Department of Computer Science, Stony Brook University, Stonybrook, NY, USA.
Bioinformatics. 2018 Jul 1;34(13):i169-i177. doi: 10.1093/bioinformatics/bty292.
Indexing reference sequences for search-both individual genomes and collections of genomes-is an important building block for many sequence analysis tasks. Much work has been dedicated to developing full-text indices for genomic sequences, based on data structures such as the suffix array, the BWT and the FM-index. However, the de Bruijn graph, commonly used for sequence assembly, has recently been gaining attention as an indexing data structure, due to its natural ability to represent multiple references using a graphical structure, and to collapse highly-repetitive sequence regions. Yet, much less attention has been given as to how to best index such a structure, such that queries can be performed efficiently and memory usage remains practical as the size and number of reference sequences being indexed grows large.
We present a novel data structure for representing and indexing the compacted colored de Bruijn graph, which allows for efficient pattern matching and retrieval of the reference information associated with each k-mer. As the popularity of the de Bruijn graph as an index has increased over the past few years, so have the number of proposed representations of this structure. Existing structures typically fall into two categories; those that are hashing-based and provide very fast access to the underlying k-mer information, and those that are space-frugal and provide asymptotically efficient but practically slower pattern search. Our representation achieves a compromise between these two extremes. By building upon minimum perfect hashing and making use of succinct representations where applicable, our data structure provides practically fast lookup while greatly reducing the space compared to traditional hashing-based implementations. Further, we describe a sampling scheme for this index, which provides the ability to trade off query speed for a reduction in the index size. We believe this representation strikes a desirable balance between speed and space usage, and allows for fast search on large reference sequences. Finally, we describe an application of this index to the taxonomic read assignment problem. We show that by adopting, essentially, the approach of Kraken, but replacing k-mer presence with coverage by chains of consistent unique maximal matches, we can improve the space, speed and accuracy of taxonomic read assignment.

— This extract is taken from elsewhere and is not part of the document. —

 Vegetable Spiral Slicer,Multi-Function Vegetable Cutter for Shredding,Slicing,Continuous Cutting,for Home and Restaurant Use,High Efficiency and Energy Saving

pufferfish is written in C++11, is open source, and is available at https://github.com/COMBINE-lab/pufferfish.
Supplementary data are available at Bioinformatics online.

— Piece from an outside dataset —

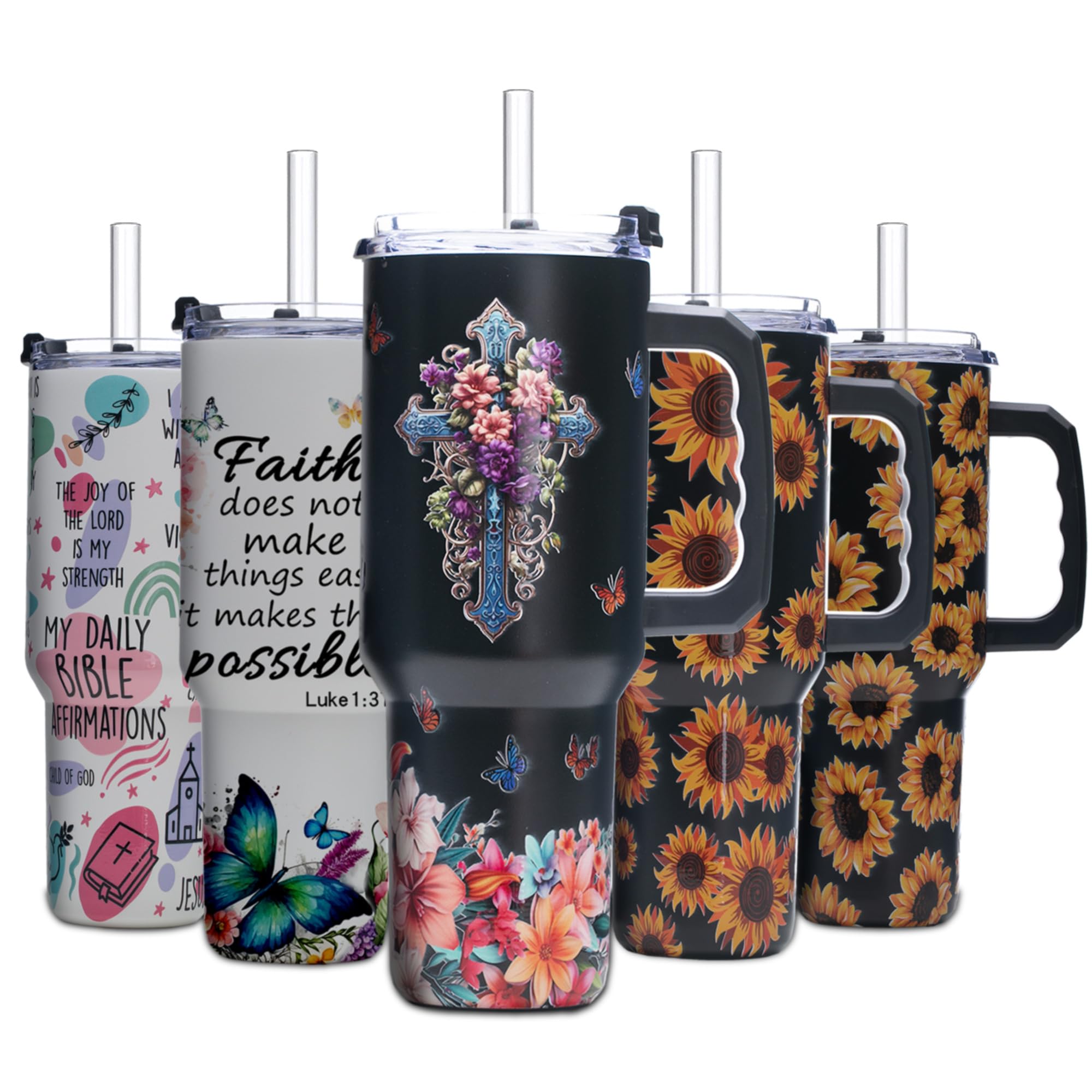 Gome 40oz American Flag & Eagle Tumbler – Patriotic 4th of July Gifts for Men, Veterans & Military, Insulated Stainless Steel Cup with Handle, Lid & Straw, Independence Day Gift for Dad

为了搜索个体基因组和基因组集合,对参考序列进行索引是许多序列分析任务的重要基础。许多工作都致力于基于后缀数组、BWT 和 FM-index 等数据结构为基因组序列开发全文索引。然而,由于其能够使用图形结构表示多个参考序列以及压缩高度重复的序列区域的自然能力,最近 de Bruijn 图作为索引数据结构引起了关注。然而,关于如何最好地索引这种结构以有效地进行查询并且随着要索引的参考序列的大小和数量的增加而保持实用的内存使用,人们关注得较少。
我们提出了一种用于表示和索引压缩彩色 de Bruijn 图的新颖数据结构,该结构允许有效地进行模式匹配和检索与每个 k-mer 相关联的参考信息。随着 de Bruijn 图作为索引的普及度在过去几年中增加,对这种结构的表示形式的提议数量也增加了。现有的结构通常分为两类;一类是基于哈希的,提供对基础 k-mer 信息的快速访问,另一类是节省空间的,提供渐近有效的但实际上较慢的模式搜索。我们的表示形式在这两个极端之间取得了折衷。通过构建基于最小完美哈希并在适用的地方使用简洁表示,我们的数据结构在大大减少与传统基于哈希的实现相比的空间的同时提供了实际快速的查找。此外,我们描述了此索引的抽样方案,该方案提供了在查询速度和索引大小减少之间进行权衡的能力。我们相信这种表示形式在速度和空间使用之间取得了理想的平衡,并允许对大型参考序列进行快速搜索。最后,我们描述了此索引在分类阅读分配问题中的应用。我们表明,通过采用本质上类似于 Kraken 的方法,但用链一致的最大匹配的覆盖来代替 k-mer 的存在,我们可以提高分类阅读分配的空间、速度和准确性。
pufferfish 是用 C++11 编写的,是开源的,并可在 https://github.com/COMBINE-lab/pufferfish 上获得。
补充数据可在《生物信息学》在线获得。